Your assignment: Begin at the line containing "Золотий Лев Hotel Zvenyhorodka Kültér fotó" and end at the final line of the entries. Please reproduce those lines exactly.

▼

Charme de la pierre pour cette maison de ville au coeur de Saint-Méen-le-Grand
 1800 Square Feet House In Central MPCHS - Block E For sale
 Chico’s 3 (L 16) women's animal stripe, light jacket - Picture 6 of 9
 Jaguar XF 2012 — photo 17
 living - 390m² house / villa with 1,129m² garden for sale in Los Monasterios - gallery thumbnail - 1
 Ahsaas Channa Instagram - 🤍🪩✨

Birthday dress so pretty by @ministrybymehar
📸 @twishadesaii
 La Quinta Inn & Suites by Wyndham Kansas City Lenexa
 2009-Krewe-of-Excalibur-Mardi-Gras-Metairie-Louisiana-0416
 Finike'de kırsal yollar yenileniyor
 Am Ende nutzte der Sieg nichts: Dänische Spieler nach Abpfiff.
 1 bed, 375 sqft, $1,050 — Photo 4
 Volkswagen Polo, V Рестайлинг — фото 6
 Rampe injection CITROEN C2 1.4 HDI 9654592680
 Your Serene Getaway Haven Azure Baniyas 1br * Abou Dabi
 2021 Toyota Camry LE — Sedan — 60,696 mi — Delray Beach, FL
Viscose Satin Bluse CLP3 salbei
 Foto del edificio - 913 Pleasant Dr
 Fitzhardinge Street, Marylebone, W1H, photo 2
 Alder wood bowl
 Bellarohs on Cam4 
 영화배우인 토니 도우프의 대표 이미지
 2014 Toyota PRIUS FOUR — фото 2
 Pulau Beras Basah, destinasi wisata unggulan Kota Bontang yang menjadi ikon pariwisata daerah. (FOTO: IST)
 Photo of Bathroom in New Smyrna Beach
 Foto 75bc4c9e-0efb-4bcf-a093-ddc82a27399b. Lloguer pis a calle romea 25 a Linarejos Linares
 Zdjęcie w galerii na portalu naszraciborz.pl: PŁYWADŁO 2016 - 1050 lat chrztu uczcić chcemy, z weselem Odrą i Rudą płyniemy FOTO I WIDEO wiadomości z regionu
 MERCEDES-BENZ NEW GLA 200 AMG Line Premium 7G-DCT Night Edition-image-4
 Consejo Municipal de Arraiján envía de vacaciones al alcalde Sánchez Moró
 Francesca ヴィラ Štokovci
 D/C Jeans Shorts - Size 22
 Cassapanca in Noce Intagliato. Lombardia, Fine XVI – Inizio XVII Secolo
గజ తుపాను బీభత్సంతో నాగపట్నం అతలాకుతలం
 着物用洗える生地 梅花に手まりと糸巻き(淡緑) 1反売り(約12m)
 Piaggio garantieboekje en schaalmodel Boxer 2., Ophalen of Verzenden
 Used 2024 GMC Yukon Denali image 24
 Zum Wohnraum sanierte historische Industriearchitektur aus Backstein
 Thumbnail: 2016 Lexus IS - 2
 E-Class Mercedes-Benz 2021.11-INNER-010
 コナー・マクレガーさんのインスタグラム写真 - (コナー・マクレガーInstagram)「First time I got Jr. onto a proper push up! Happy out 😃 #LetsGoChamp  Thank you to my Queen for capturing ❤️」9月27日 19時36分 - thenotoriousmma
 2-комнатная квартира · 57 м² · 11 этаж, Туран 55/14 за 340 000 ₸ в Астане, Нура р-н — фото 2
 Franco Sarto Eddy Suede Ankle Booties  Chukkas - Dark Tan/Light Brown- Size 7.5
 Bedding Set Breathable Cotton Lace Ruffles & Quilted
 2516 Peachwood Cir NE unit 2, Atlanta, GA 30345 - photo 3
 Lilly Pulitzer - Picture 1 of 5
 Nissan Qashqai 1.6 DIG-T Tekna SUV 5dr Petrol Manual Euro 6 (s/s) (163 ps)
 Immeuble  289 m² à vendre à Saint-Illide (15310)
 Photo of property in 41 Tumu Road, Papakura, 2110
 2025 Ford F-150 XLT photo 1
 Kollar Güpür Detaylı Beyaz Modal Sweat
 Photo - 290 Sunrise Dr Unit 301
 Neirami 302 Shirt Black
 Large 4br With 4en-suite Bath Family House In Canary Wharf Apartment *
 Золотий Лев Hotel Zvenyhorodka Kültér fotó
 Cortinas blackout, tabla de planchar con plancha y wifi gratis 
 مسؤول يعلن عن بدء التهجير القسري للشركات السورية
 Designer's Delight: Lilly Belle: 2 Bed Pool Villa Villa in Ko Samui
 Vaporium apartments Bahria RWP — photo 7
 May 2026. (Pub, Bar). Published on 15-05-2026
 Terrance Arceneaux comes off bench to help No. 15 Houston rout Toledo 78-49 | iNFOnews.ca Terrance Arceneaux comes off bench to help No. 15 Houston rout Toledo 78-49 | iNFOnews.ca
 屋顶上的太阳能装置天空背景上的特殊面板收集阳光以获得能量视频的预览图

▲

Answer area:
 Золотий Лев Hotel Zvenyhorodka Kültér fotó
 Cortinas blackout, tabla de planchar con plancha y wifi gratis 
 مسؤول يعلن عن بدء التهجير القسري للشركات السورية
 Designer's Delight: Lilly Belle: 2 Bed Pool Villa Villa in Ko Samui
 Vaporium apartments Bahria RWP — photo 7
 May 2026. (Pub, Bar). Published on 15-05-2026
 Terrance Arceneaux comes off bench to help No. 15 Houston rout Toledo 78-49 | iNFOnews.ca Terrance Arceneaux comes off bench to help No. 15 Houston rout Toledo 78-49 | iNFOnews.ca
 屋顶上的太阳能装置天空背景上的特殊面板收集阳光以获得能量视频的预览图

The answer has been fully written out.